/---
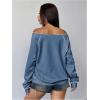 imageWomens Off The Shoulder Sweatshirts Long Sleeve Pullover Tops Trendy Y2k Fall TopsDusty Blue
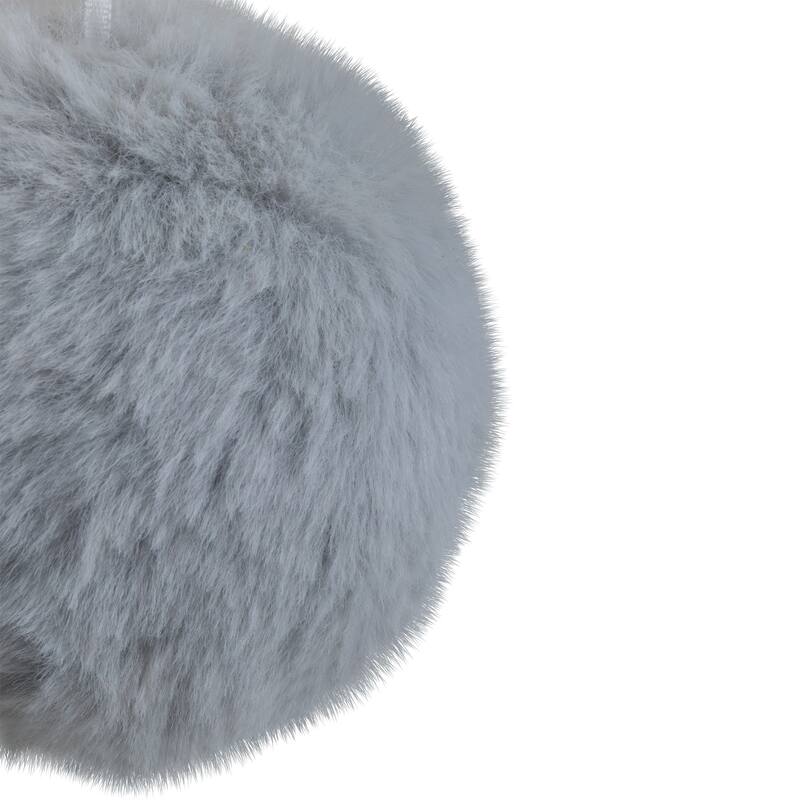 3" Light Gray Furry Plush Ball Hanging Christmas Ornament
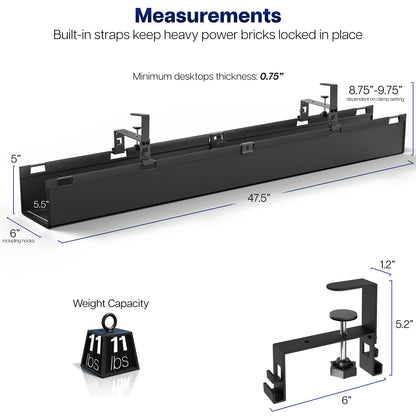 47" Clamp-on cable management tray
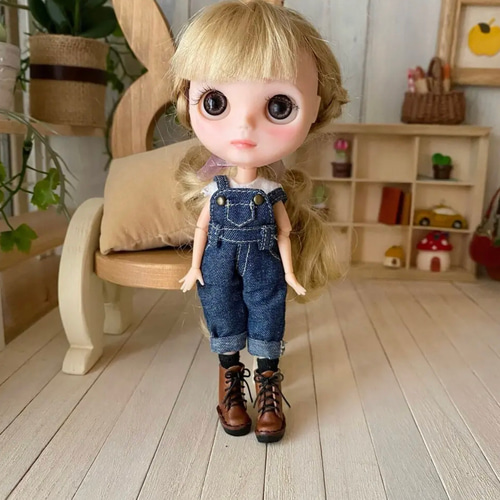 ポップマートブライス ねんどろいど ドール靴 Lタイプ チョコ×靴紐黒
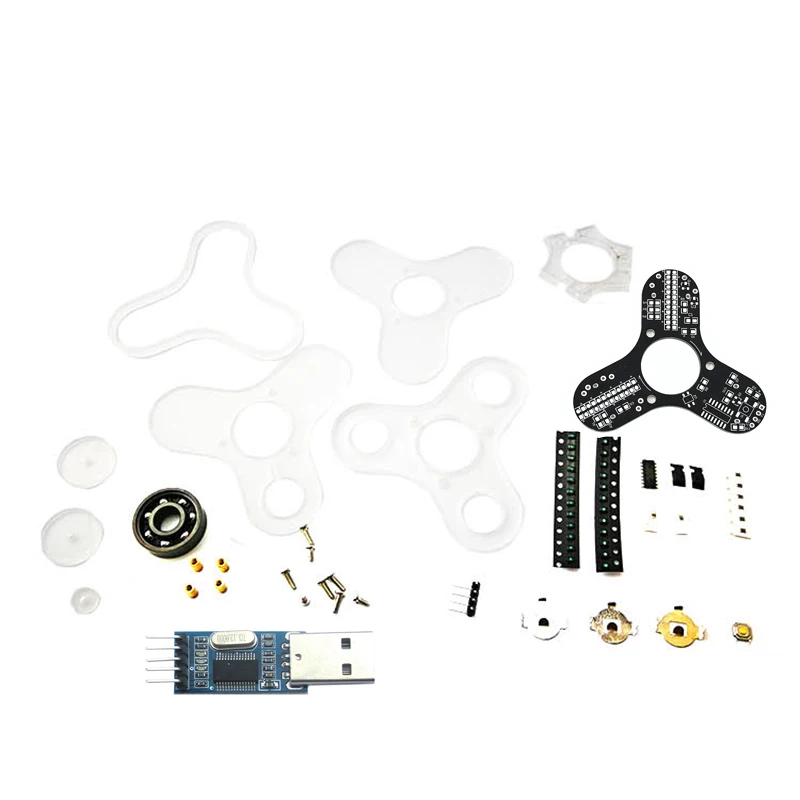 Giroscopio LED para la yema del dedo, Kit electrónico de bricolaje, 3 hojas, componente luminoso para salón, 51 microcontroladores, soldadura, Kit de producción DIY - imagen 3
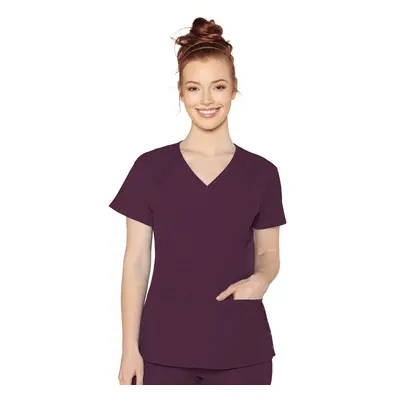 Med Couture Women's 'Peaches Collection' Rangal Scrub Top Wine Small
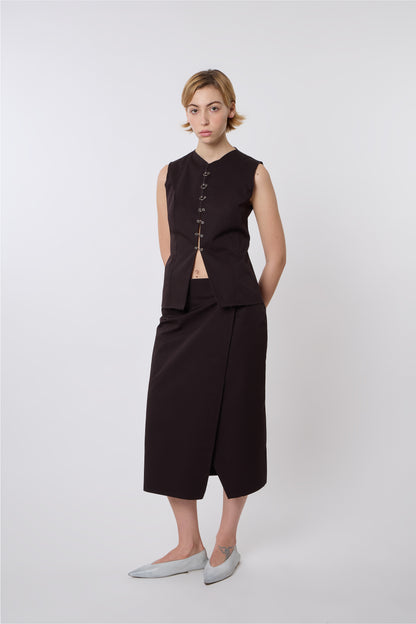 Macondo Vest in Brown Cotton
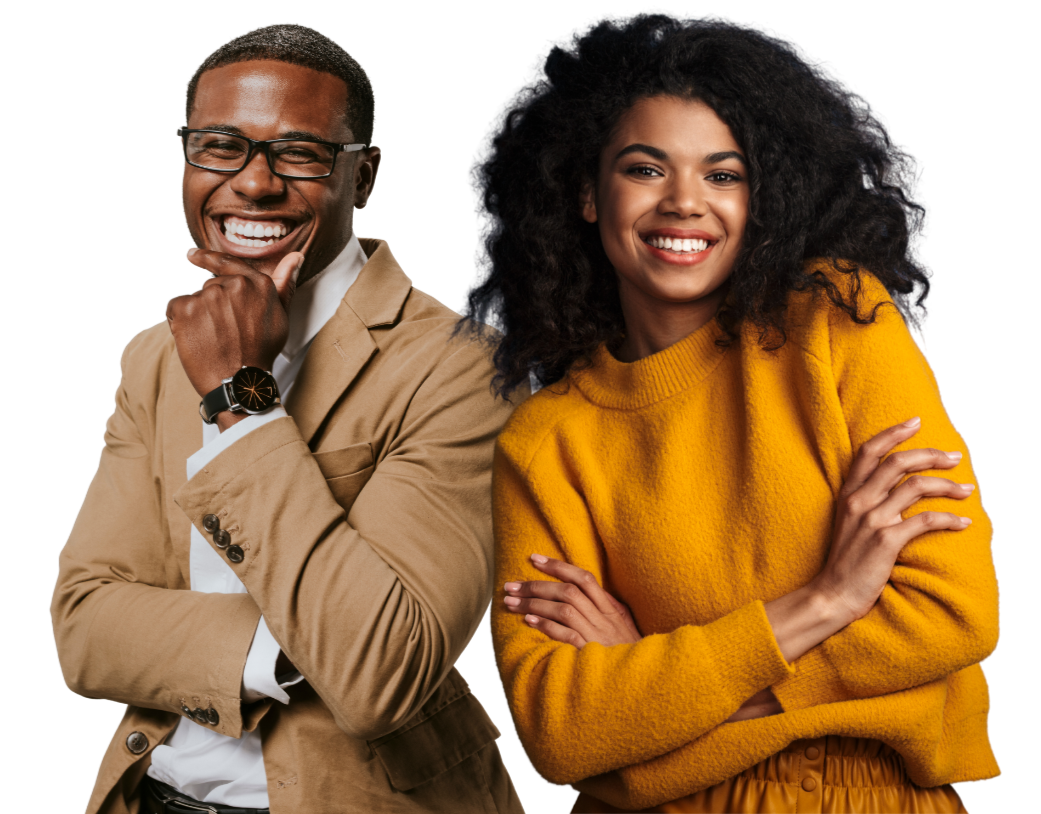 A smiling man wearing glasses, a tan blazer, and a watch, standing with a woman in a yellow sweater who is also smiling, both crossed arms.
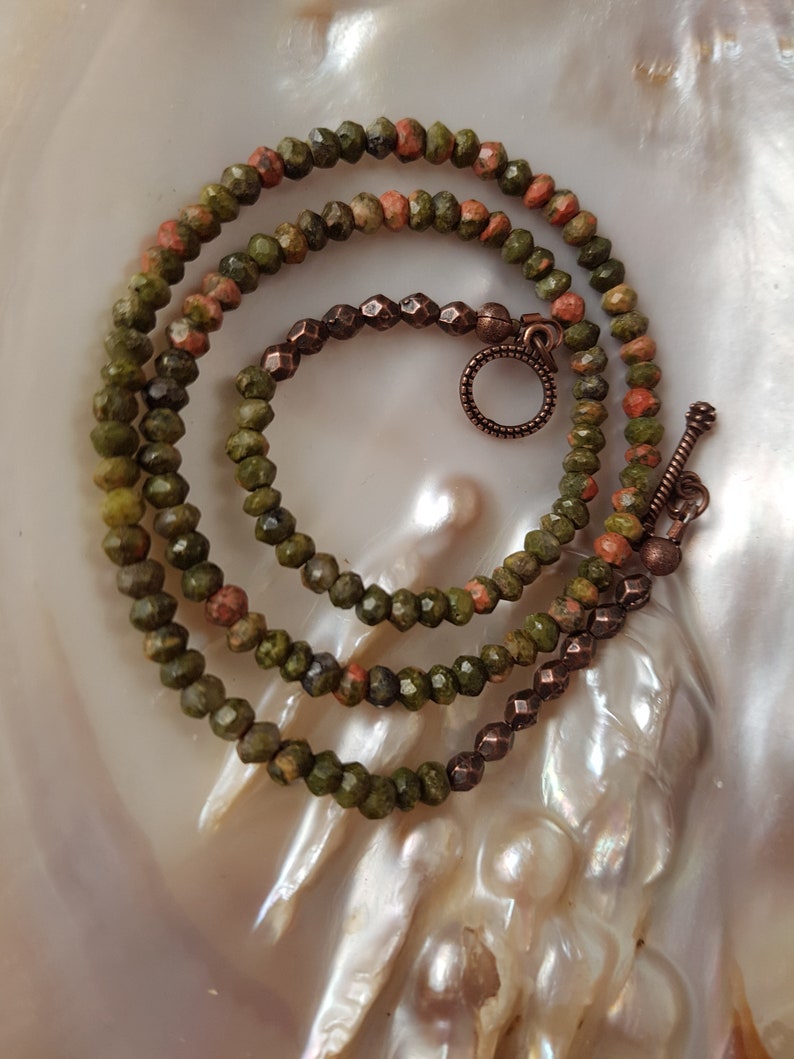 Unakite Necklace 16 Mother/'s Day Gift Minimalist Unakite Beaded Necklace 41 cm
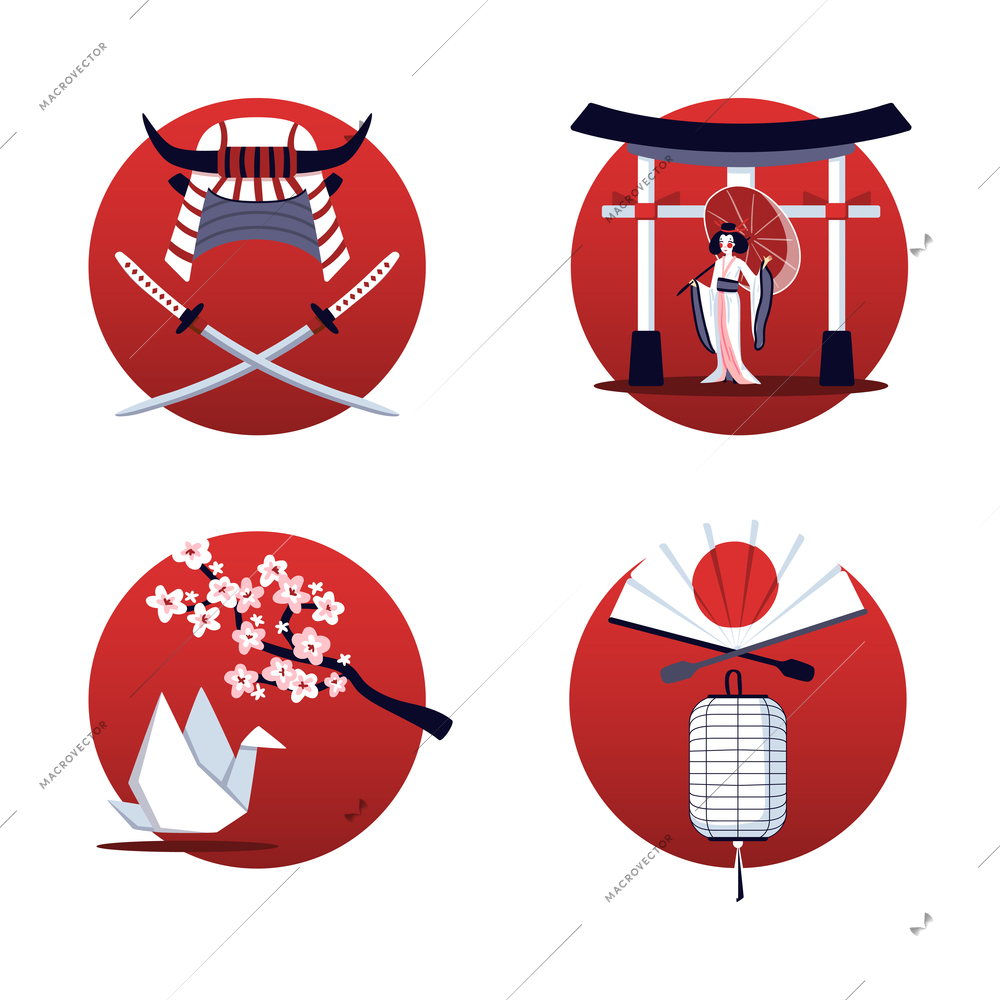 Japan 2x2 design concept set of isolated red round compositions with national symbols vector illustration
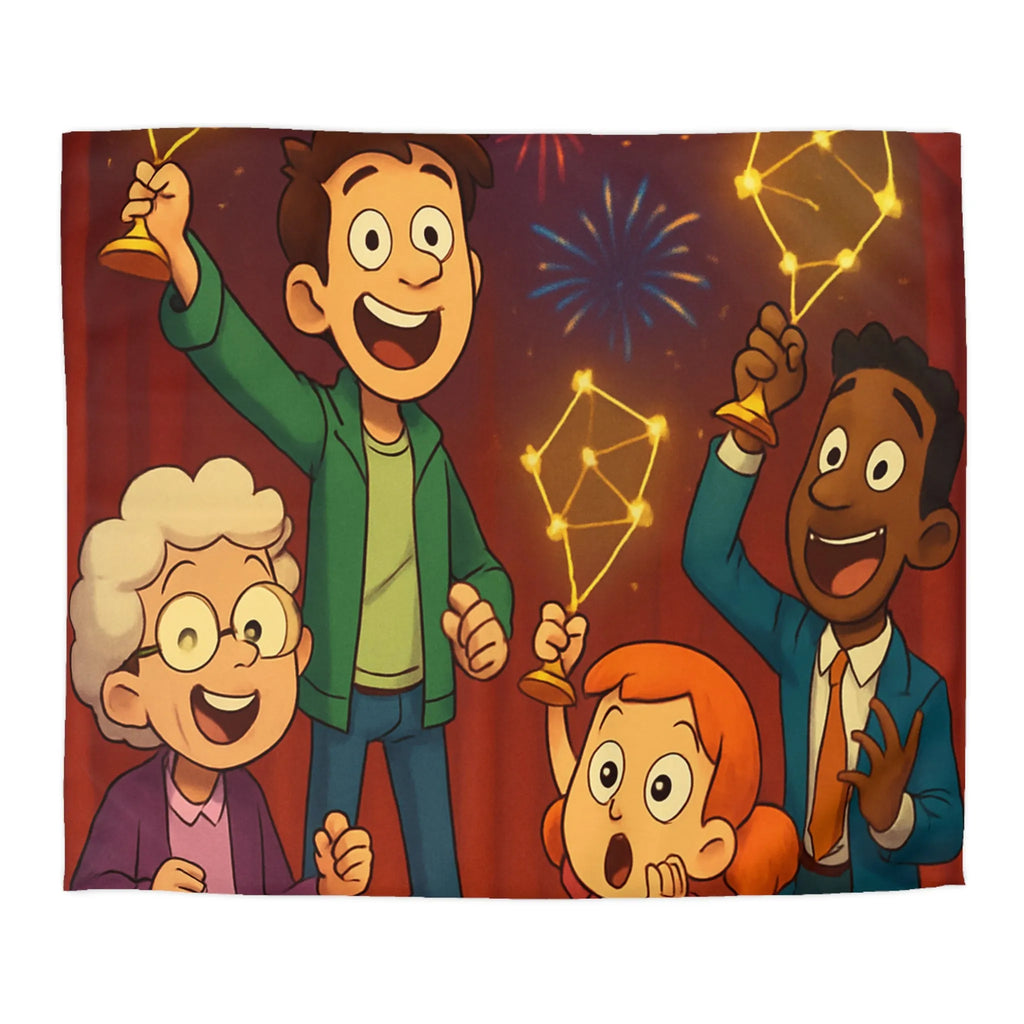 Housse de couette colorée enfants avec feux d'artifice et personnages dessin animé joyeux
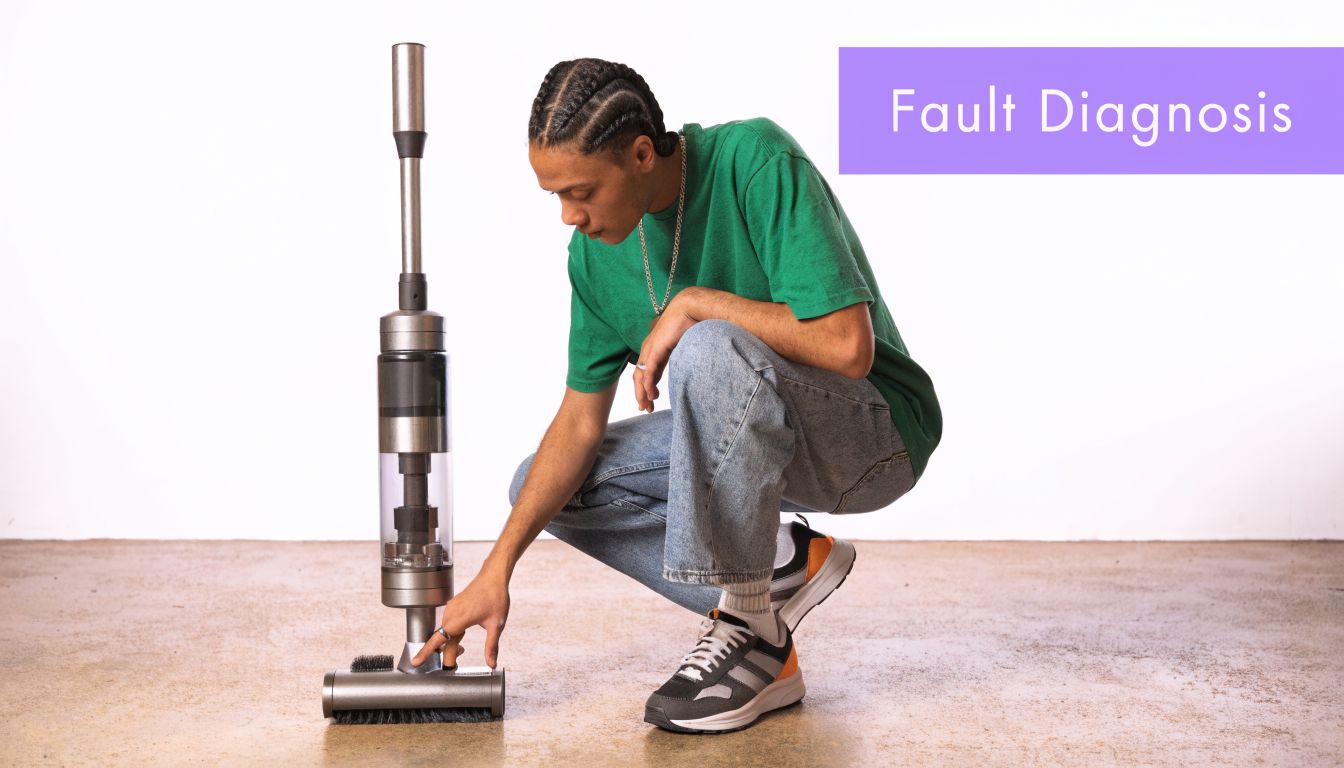 A young man kneeling on the floor while inspecting a modern vacuum cleaner for potential maintenance issues.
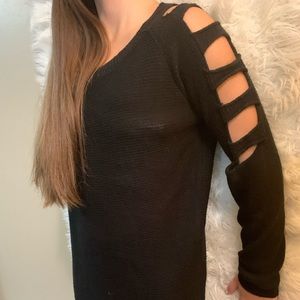 BLACK SWEATER DRESS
\---
Give again, exactly as written, the lines from the one with "Macondo Vest in Brown Cotton" through the last line of the entries above, but skip the pictures.

 Macondo Vest in Brown Cotton
 A smiling man wearing glasses, a tan blazer, and a watch, standing with a woman in a yellow sweater who is also smiling, both crossed arms.
 Unakite Necklace 16 Mother/'s Day Gift Minimalist Unakite Beaded Necklace 41 cm
 Japan 2x2 design concept set of isolated red round compositions with national symbols vector illustration
 Housse de couette colorée enfants avec feux d'artifice et personnages dessin animé joyeux
 A young man kneeling on the floor while inspecting a modern vacuum cleaner for potential maintenance issues.
 BLACK SWEATER DRESS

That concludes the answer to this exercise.